Internal orders handed down by leaders at U.S. Immigrations and Customs Enforcement instructed officers in the field to stop making vehicle stops, according to five ICE officials around the country.
The directive, handed down in at least three of ICE’s administrative regions Monday and effective immediately, came after a pair of killings in Texas and Maine by ICE agents that involved attempts to stop cars.
The ICE officers who spoke with The Intercept, who asked for anonymity to discuss internal orders, said the shift was meant to mitigate the chances of shootings like the ones that sparked outrage by taking the lives of two immigrants over the past week.
“Whatever these chucklefucks did in Maine and Houston is serious.”
“We have been told to either grab them before they leave their parking spot, or follow them and arrest them where they stop (ie a gas station or place of work) to avoid these situations,” said an ICE official from the South.

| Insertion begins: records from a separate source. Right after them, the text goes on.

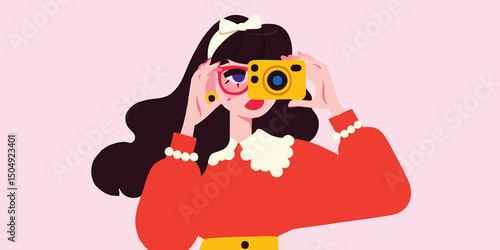 A girl in red taking photo by using yellow camera on pink studio, creating a retro aesthetic with a modern twist.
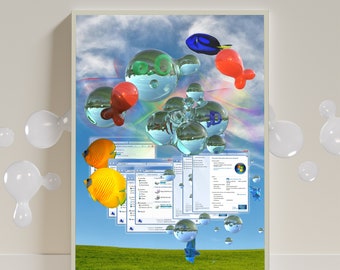 Digital Frutiger Aero Wall Print, Modern 2000s Y2K Poster, 3D Design, Original Artwork, Wall Art PDF, High Resolution A2 A3 A4, Printable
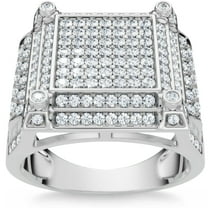 Pompeii 1 1/2 Ct Diamond Men's Multi-Cluster Wide Ring in White or Yellow Gold (I/J,I2-I3)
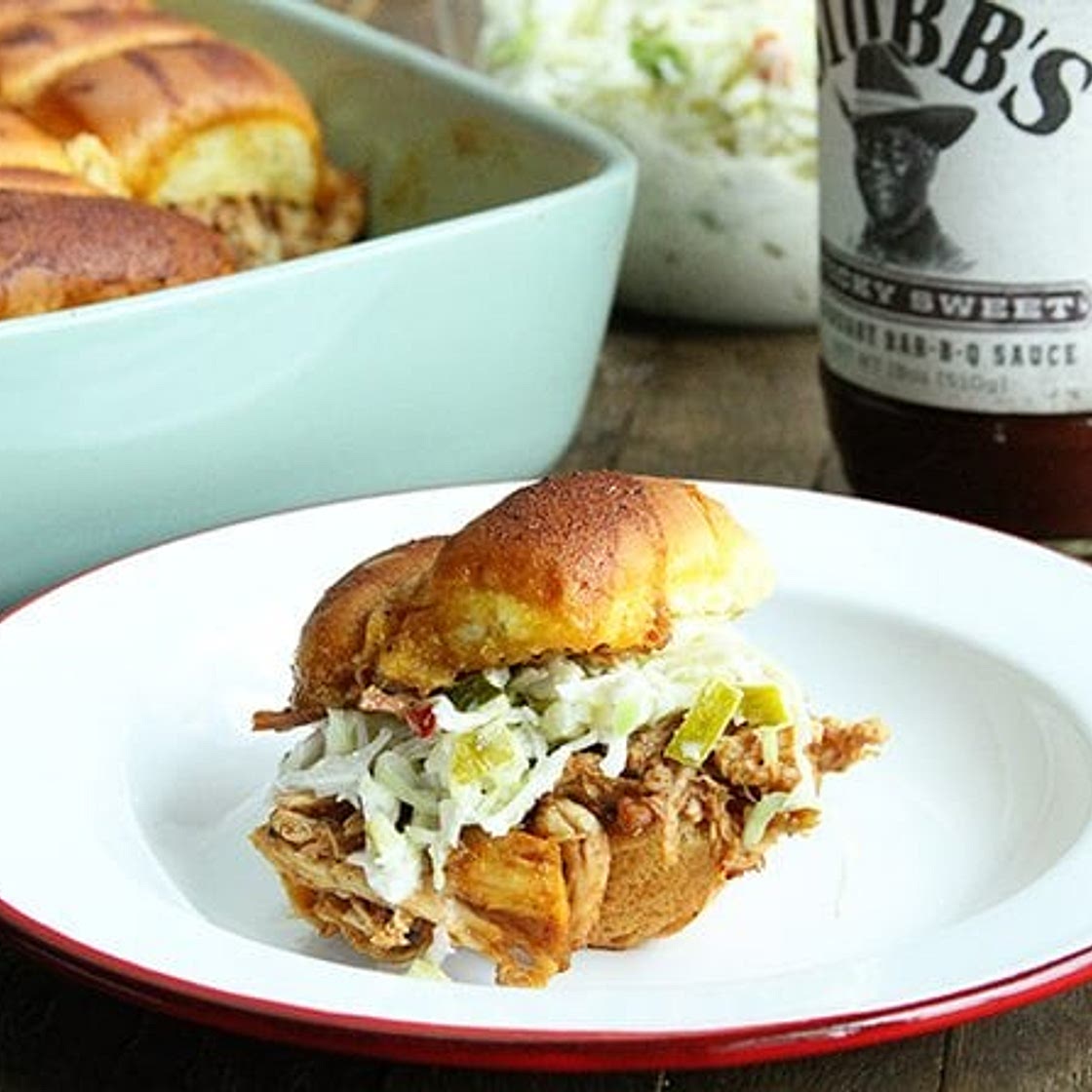 BBQ Chicken Sliders with Dill Pickle Slaw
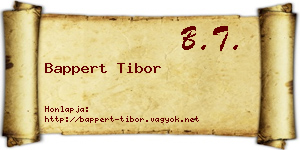 Bappert Tibor névjegykártya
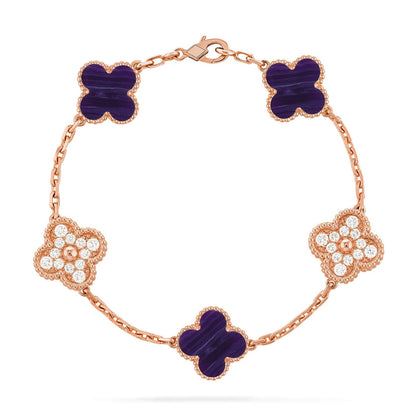 [Moco jewelrys]CLOVER 5 MOTIF PURPLE STRIPES BRACELET COLLECTION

“This shit isn’t normal,” the official said. “Whatever these chucklefucks did in Maine and Houston is serious.”
ICE did not immediately respond to a request for comment.
The five officials who spoke to The Intercept about the directive all hail from ICE’s Enforcement and Removal Operations division, which carries out most of the federal government’s street immigration arrests. (ICE’s Homeland Security Investigations, the agency’s criminal investigative arm, did not receive a directive about vehicle stops, according to two special agents.)

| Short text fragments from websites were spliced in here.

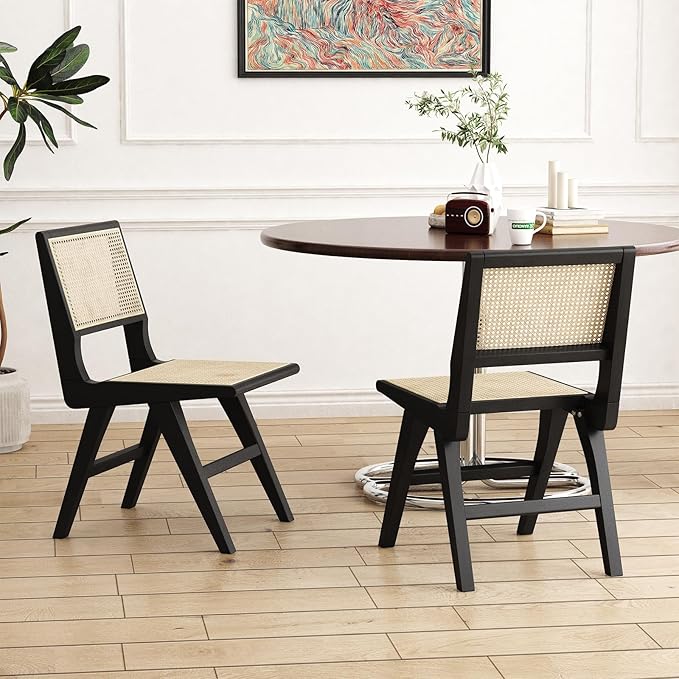 Accent Chair Dining Chairs Set of 2, Solid Wood Frame Boho Rattan Chair, Mid Century Modern Accent Chairs for Living Room Bedroom Dining Room Kitchen(Black)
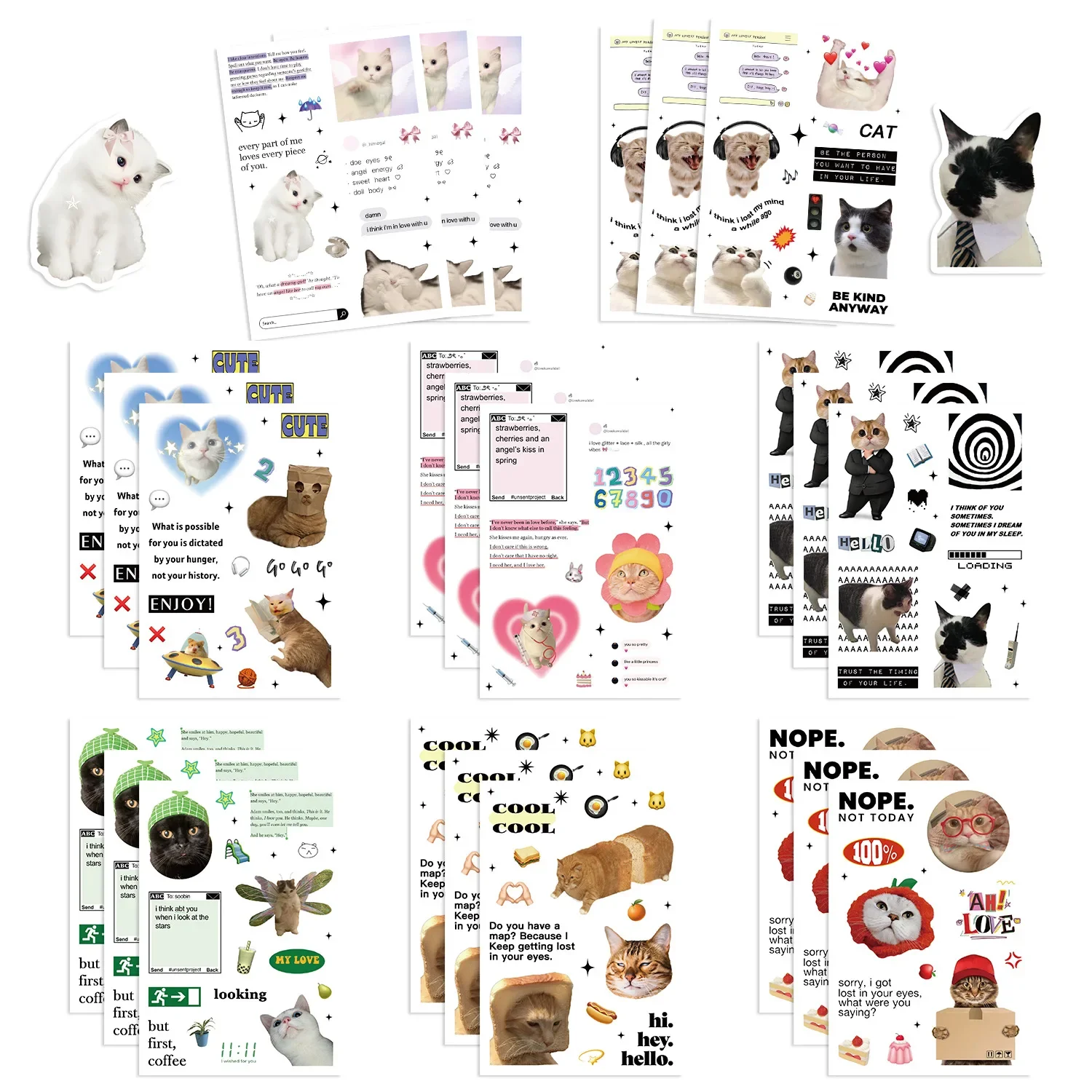 

8 Sheets Cute Cat Meme Waterproof Paper Sticker Aesthetic DIY Decorative Diary Planner Cup Laptop Phone Scrapbook Kids Stickers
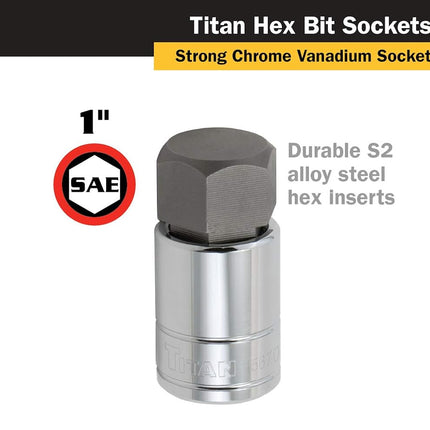 Titan 15670 1/2-Inch Drive x 1-Inch Hex Bit Socket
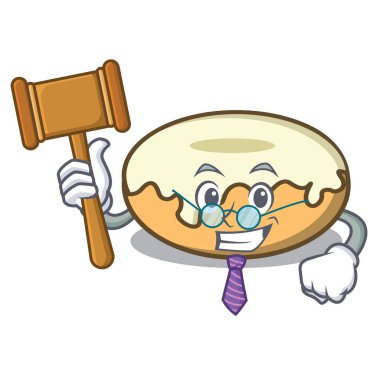 Yargıç çörek şeker maskot karikatür ile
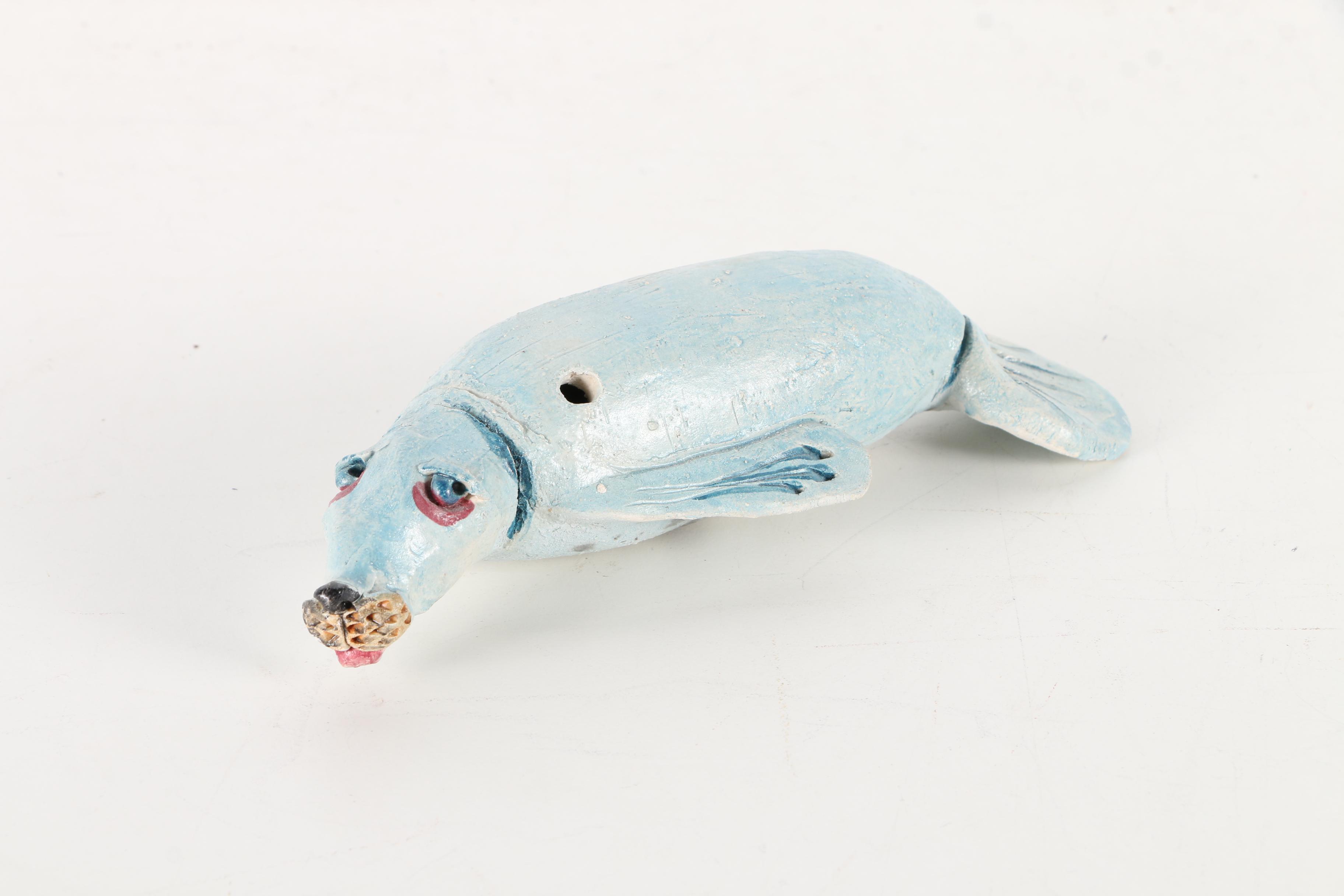 Chris Moses Ceramic Figurines of a Polar Bear and Sea Lion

The directive to ICE’s Enforcement and Removal Operations, which was first reported by the New York Times, didn’t come down as written orders, two of the ICE officials told The Intercept.
Instead, said one of the ICE officials who works in the Mountain West region, the order came down through field office directors to avoid red tape associated with putting an official policy in place.
Along with street arrests, vehicle stops had become go-to tactic for ICE in the second Trump administration, with ramped-up enforcement that has included crackdowns on large cities like Minneapolis. Under past administrations, including President Donald Trump’s first term, ICE relied mostly on transfers from local jails and prisons to satisfy its enforcement priorities.
The vehicle stops also contributed to a recent explosion of immigrant detentions, with ICE announcing roughly 10,000 arrests over a five-day period in late June 2026.
Ending the vehicle stops, said the ICE official based in the South, “definitely hinders enforcement.”
Killings in Vehicle Stops
In a recent period of less than a week, Mexican national Lorenzo Salgado Araujo was shot and killed by ICE officers in Houston and Colombian national Joan Sebastian Guerrero was shot and killed in Biddeford, Maine.
Details surrounding the shootings are still emerging, but Department of Homeland Security officials have said that neither Araujo nor Guerrero were the intended targets of the ICE enforcement operations that claimed their lives. The officers involved in the shootings were not wearing body cameras in either case.
The killings sparked public outrage and probes at both the state and local levels.
In addition to investigations by FBI and the Homeland Security Department’s Office of the Inspector General, Maine’s attorney general and the attorney general in Harris County, Texas, which includes Houston, launched investigations. Local police departments in both Maine and Texas are assisting with the investigations.
There are few precedents for ICE to cut off its enforcement division agencywide from using vehicle stops to make apprehensions.
As federal agents surged into mostly Democratic major cities, confrontations between ICE and demonstrators, activists, and immigrants led to violence — especially after the killings of Renee Good and Alex Pretti during ICE’s Operation Metro Surge in Minneapolis over the winter.
The outrage over the shootings led to operational guidance emphasizing de-escalation and reducing confrontations during field operations, with several field offices even briefly suspending proactive street enforcement or vehicle-stop tactics following orders of ICE upper management.
Since Operation Metro Surge’s end in mid-February, ICE has focused on smaller, decentralized “at-large” enforcement operations under the leadership of new Homeland Security Secretary Markwayne Mullin, a strategy that has allowed ICE to, until recently, operate with a lower profile, while maintaining previous arrest quotas.